Chaque chambre était équipée de bains et de WC et de téléphones privés. L’hôtel proposait aussi des appartements avec salles de bains. Les chambres dans les combles étaient réservées au personnel.  L’entrée de l’hôtel était aménagée dans la partie sud du bâtiment. Dès 1928, les clients fidèles appelaient l’établissement amicalement  chez « Brauns Pierchen ». Pierre Braun-Petit était une célébrité de la gastronomie et de la pâtisserie luxembourgeoise. Il représentait d’ailleurs la restauration du Grand-Duché au pavillon luxembourgeois de l’Exposition  Internationale de Liège en 1939. Son nom est également associé  à l’Hôtel Alfa (1937) et au Pôle Nord (1940). Henri Petit-Bai allait prendre sa relève. Il promouvait des « chambres à prix modérés », comme les hôtels Alfa, Cravat et Schintgen venaient d’ouvrir flambant neuf.  Il proposait en exclusivité des « American Drinks». Pendant la Guerre le « Pariser Hof » fut vanté comme  « das Haus der gepflegten Küche ». En 1953, une équipe de 30 personnes fut à la disposition des clients du restaurant / pâtisserie et des 34 chambres d’hôtel.  A partir de 1958, Gusty Hetto-Remmerie avait fait de l’hôtel le rendez-vous de la bourgeoisie aisée du quartier, qui venait jouer au salon une partie de bridge, de « skat », de « Rami ». L’Hôtel de style fermait le 30 septembre 1974, suivant ainsi la voie déjà empruntée par le Grand Hôtel Brasseur, L’Hôtel Cécile, l’Hôtel Graas. L’Hôtel Continental va clôturer une liste bien plus longue que ces énumérations. Un nouvel type d’hôtels aux standards nouveaux allait ouvrir : Hotel Holyday Inn, Sheraton Aérogolf, Intercontinental.

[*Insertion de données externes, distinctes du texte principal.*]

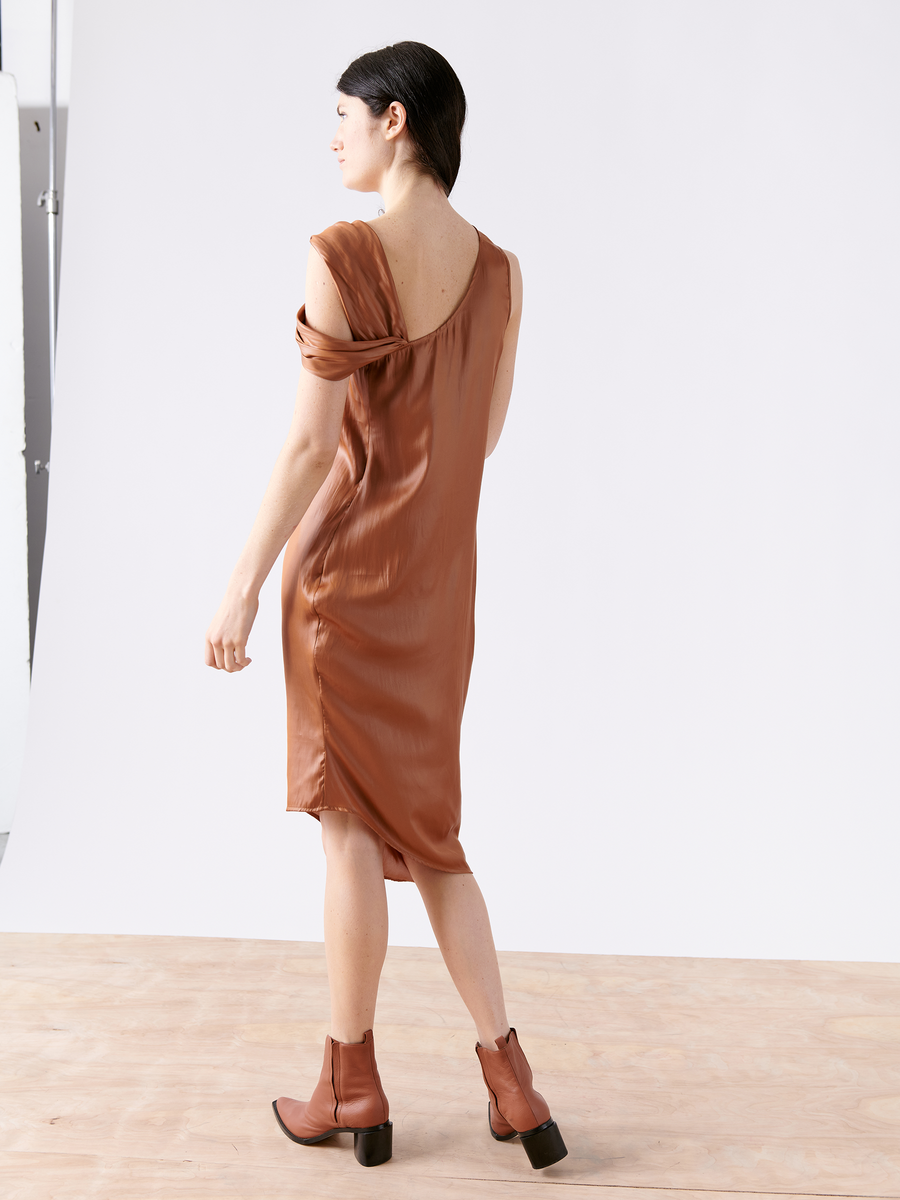 A person with dark hair stands on a wooden floor, wearing the Ampe Ibit Dress from Zero + Maria Cornejo and brown ankle boots. Facing sideways against a plain white background, the silky, sleeveless cocktail dress is made from recycled polyester.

 1er immeuble à être protégé à l’Avenue de la Liberté

 La société « Eurotextile » du groupe de Hans Göggler, avait acquis l’immeuble de l’Hôtel de Paris en 1974. Son intention était de le maintenir en place, mais le groupe fit faillite, et la propriété dut passer à la vente en 1976. Entretemps, la construction avait souffert de l’abandon. La Banque Internationale et la société immobilière de l’architecte, Paul Retter, (Réalisations Immobilières Luxembourg) se portaient nouveaux acquéreurs. Ils voulaient construire un immeuble de tendance moderniste. Le Syndicat d’Intérêts Locaux de Luxembourg-Gare réussit alors une réelle levée de boucliers en recueillant 4.000 signatures en pétition réclamant la sauvegarde de l’immeuble. Le projet  de l’architecte ne fut pas approuvé par la Commission d’Urbanisme et des Bâtisses. Le 6 juillet 1978, le Ministre de la Culture inscrit la propriété sur l’Inventaire supplémentaire des sites et monuments nationaux protégés, laissant au propriétaire la liberté d’adapter l’intérieur à ses besoins. Les architectes René et André Mailliet assuraient la conversion de l’immeuble en agence de la BIL et de la Hessische Landesbank. Les agences y ouvraient leurs portes en 1980. Suite aux restructurations internes DEXIA  / Bil a changé d’adresse. Le rez-de chaussée a été occupé ensuite par un cabinet de juristes et depuis 2014 à nouveaux par des restaurants. De nos jours, l’immeuble connaît une triple protection : communale, nationale et celle, depuis 1994, de l’Unesco, car le bâtiment occupe la zone tampon du patrimoine mondial à Luxembourg (Rolph).